## Exercise description
Pictures in the data should be dropped; transcribe exactly the lines from the one that has "ArebalosGaming's tweet photo." through the one that has "#StarWars #GalacticRacer #PS5".

## Exercise materials
-------------------------

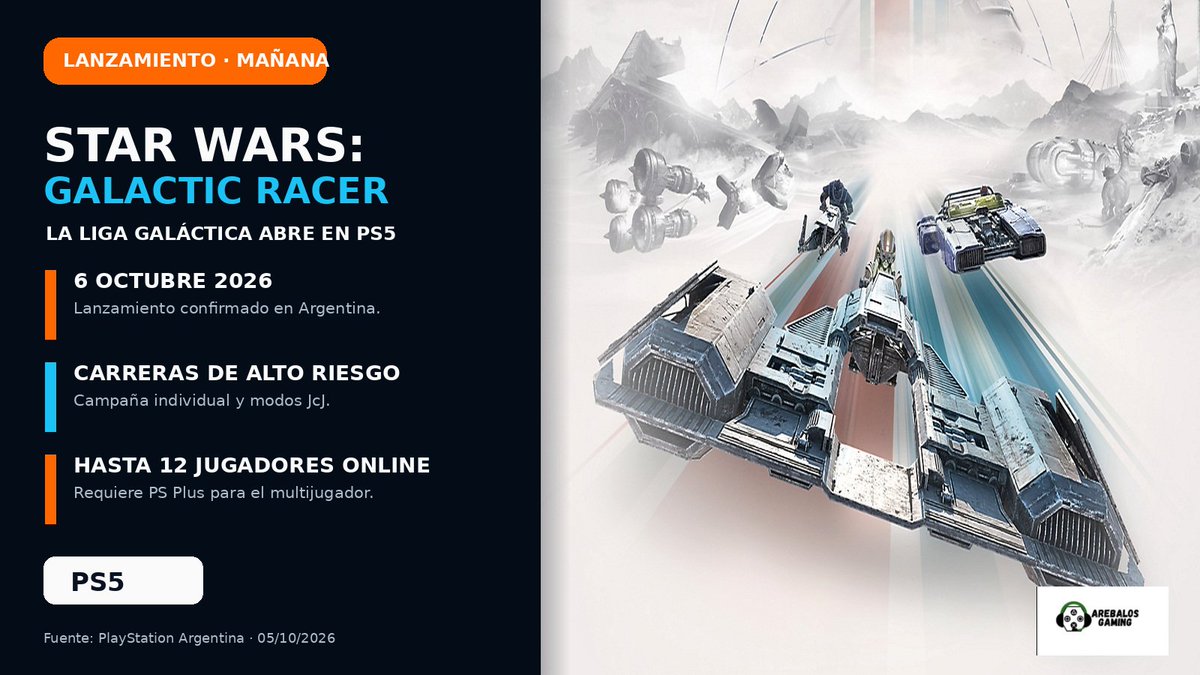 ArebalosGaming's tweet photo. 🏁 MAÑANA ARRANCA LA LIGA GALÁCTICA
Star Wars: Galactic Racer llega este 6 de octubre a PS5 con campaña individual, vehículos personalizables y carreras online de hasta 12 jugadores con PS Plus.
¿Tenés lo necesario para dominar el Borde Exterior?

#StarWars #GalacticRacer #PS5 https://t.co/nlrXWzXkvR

-------------------------

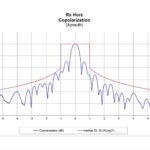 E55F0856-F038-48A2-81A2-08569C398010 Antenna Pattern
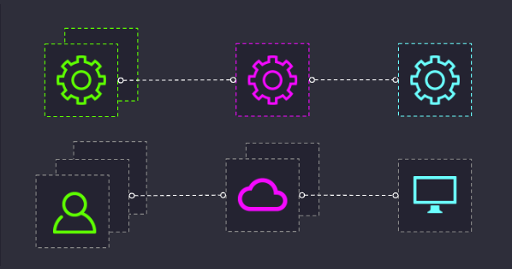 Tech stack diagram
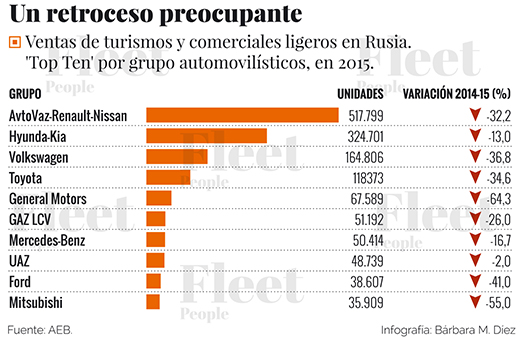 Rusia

-------------------------

## Answer space
 ArebalosGaming's tweet photo. 🏁 MAÑANA ARRANCA LA LIGA GALÁCTICA
Star Wars: Galactic Racer llega este 6 de octubre a PS5 con campaña individual, vehículos personalizables y carreras online de hasta 12 jugadores con PS Plus.
¿Tenés lo necesario para dominar el Borde Exterior?

#StarWars #GalacticRacer #PS5 https://t.co/nlrXWzXkvR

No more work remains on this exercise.